When you copy the records that follow, please keep every word exactly as it is and leave out the pictures.

Stored data>
....

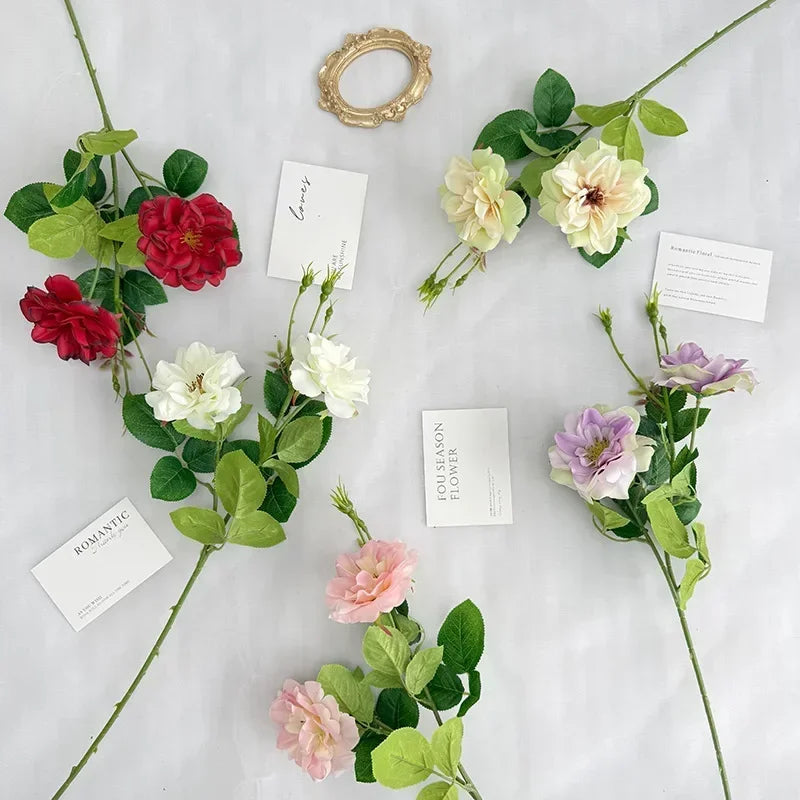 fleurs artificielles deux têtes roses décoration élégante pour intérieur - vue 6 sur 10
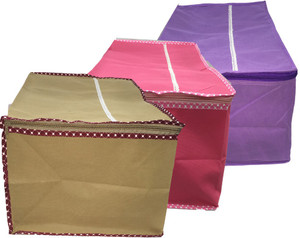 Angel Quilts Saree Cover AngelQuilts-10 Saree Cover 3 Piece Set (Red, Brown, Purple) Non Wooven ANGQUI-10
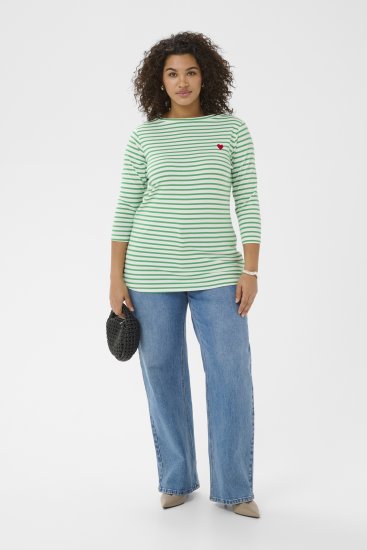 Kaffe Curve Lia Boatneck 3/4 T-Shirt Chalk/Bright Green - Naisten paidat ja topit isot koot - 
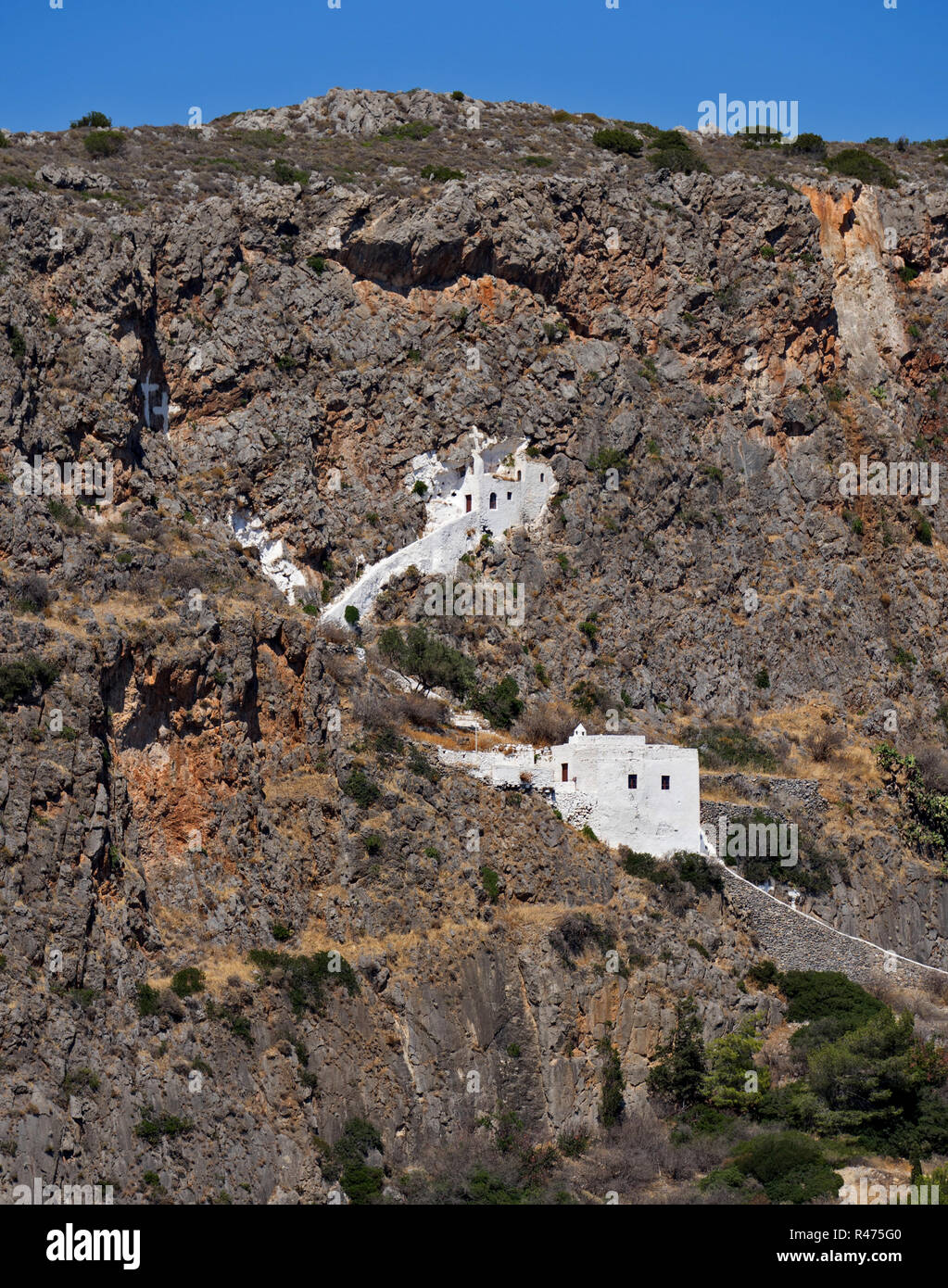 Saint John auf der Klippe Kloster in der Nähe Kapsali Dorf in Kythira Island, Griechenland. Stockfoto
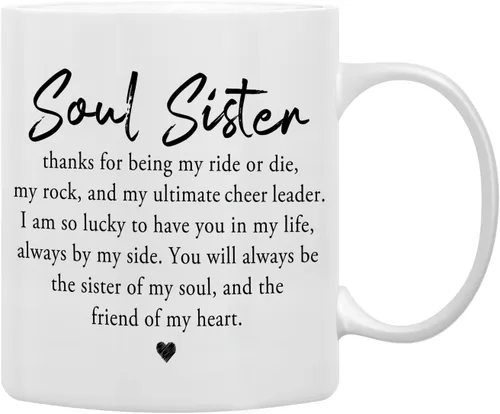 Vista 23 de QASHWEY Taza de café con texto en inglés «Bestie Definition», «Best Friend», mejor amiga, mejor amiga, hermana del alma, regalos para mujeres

....

The completed task>
 fleurs artificielles deux têtes roses décoration élégante pour intérieur - vue 6 sur 10
 Angel Quilts Saree Cover AngelQuilts-10 Saree Cover 3 Piece Set (Red, Brown, Purple) Non Wooven ANGQUI-10
 Kaffe Curve Lia Boatneck 3/4 T-Shirt Chalk/Bright Green - Naisten paidat ja topit isot koot - 
 Saint John auf der Klippe Kloster in der Nähe Kapsali Dorf in Kythira Island, Griechenland. Stockfoto
 Vista 23 de QASHWEY Taza de café con texto en inglés «Bestie Definition», «Best Friend», mejor amiga, mejor amiga, hermana del alma, regalos para mujeres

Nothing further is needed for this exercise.